--- Input data Enclosed Below ---
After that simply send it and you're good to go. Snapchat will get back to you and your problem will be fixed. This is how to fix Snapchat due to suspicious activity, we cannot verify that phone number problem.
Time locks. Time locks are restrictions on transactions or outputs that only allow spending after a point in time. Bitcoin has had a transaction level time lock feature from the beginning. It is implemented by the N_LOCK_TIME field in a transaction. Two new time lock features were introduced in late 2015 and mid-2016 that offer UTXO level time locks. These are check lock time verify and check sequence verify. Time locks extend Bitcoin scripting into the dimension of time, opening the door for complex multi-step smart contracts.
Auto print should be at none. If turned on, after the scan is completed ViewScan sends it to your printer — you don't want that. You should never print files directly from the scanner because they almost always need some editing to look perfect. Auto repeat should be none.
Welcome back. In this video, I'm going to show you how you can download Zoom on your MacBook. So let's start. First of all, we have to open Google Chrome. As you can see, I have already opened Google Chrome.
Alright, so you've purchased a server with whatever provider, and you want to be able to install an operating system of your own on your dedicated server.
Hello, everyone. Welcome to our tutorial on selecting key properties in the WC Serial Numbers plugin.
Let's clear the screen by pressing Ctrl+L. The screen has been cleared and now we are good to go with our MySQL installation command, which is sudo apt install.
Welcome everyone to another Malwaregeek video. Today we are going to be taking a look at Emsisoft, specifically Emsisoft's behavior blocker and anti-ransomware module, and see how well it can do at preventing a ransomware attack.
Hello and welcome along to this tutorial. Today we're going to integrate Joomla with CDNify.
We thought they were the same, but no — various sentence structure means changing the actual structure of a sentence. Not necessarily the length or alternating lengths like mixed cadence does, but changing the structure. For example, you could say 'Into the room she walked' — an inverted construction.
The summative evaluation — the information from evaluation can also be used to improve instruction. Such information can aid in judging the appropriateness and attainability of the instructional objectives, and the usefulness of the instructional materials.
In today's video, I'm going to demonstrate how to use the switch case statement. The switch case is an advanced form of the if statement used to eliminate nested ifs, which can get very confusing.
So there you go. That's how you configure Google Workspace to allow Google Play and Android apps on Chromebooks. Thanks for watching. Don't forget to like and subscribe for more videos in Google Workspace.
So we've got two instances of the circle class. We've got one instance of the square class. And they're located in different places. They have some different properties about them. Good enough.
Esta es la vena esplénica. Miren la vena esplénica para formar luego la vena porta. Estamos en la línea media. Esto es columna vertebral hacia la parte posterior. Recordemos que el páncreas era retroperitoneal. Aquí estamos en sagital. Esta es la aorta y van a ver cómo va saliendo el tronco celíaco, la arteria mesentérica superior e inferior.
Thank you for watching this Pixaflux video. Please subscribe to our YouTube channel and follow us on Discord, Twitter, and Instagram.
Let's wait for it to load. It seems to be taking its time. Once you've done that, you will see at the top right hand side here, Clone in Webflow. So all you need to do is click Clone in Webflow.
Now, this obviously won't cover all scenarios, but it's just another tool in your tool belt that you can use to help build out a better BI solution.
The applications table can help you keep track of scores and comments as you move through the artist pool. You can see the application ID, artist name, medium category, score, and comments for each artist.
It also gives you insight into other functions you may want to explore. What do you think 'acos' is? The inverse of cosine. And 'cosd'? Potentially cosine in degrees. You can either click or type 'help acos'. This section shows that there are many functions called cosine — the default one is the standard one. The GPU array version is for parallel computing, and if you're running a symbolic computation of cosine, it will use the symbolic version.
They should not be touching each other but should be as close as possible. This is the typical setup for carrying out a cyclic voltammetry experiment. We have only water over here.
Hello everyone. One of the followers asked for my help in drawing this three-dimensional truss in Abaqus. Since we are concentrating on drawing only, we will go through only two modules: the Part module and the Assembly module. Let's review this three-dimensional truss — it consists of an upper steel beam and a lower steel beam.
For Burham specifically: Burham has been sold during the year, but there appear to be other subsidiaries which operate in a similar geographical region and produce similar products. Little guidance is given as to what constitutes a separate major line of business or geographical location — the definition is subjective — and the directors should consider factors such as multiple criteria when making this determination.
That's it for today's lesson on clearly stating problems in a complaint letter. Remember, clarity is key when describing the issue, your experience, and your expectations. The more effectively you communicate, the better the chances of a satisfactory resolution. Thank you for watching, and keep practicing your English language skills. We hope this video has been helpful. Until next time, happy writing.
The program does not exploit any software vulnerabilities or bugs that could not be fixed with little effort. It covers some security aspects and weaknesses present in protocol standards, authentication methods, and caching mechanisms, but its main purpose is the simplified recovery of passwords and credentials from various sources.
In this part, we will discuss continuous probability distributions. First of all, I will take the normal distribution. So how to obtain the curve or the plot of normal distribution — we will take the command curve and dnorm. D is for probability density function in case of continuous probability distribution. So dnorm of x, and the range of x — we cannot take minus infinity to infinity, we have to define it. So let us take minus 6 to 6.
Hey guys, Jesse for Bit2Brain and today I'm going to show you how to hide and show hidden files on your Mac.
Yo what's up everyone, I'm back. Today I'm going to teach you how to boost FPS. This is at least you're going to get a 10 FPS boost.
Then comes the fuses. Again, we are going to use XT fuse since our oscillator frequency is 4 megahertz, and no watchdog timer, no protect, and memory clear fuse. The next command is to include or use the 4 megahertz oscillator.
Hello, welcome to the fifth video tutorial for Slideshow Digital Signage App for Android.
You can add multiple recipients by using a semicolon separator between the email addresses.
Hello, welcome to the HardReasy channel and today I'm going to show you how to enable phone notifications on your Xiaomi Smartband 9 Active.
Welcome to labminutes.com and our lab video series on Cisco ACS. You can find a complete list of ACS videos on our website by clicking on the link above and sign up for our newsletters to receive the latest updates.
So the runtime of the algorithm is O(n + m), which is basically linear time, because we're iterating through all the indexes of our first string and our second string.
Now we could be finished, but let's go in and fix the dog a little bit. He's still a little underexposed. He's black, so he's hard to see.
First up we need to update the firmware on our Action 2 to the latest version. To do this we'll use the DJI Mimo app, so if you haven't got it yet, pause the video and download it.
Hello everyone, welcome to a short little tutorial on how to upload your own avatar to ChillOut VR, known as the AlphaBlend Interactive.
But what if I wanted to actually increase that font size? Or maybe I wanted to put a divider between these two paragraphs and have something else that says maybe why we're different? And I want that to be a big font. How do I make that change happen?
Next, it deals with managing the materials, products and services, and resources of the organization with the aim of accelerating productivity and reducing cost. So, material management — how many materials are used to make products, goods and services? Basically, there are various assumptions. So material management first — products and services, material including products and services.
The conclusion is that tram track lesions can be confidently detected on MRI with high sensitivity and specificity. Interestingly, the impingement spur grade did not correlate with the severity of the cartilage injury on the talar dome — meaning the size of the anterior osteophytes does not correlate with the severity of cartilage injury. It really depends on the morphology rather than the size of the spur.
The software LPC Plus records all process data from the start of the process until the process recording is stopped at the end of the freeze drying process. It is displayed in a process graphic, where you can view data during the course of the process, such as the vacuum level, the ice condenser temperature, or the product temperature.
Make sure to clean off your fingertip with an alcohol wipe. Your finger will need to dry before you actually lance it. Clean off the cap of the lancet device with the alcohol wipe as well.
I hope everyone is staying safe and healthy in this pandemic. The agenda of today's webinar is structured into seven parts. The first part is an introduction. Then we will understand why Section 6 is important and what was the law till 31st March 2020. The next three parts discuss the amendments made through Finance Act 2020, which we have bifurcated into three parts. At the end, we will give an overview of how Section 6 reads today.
--- End of Enclosed Input data ---
Among the entries above, find every line holding "install" and copy it.

Alright, so you've purchased a server with whatever provider, and you want to be able to install an operating system of your own on your dedicated server.
Let's clear the screen by pressing Ctrl+L. The screen has been cleared and now we are good to go with our MySQL installation command, which is sudo apt install.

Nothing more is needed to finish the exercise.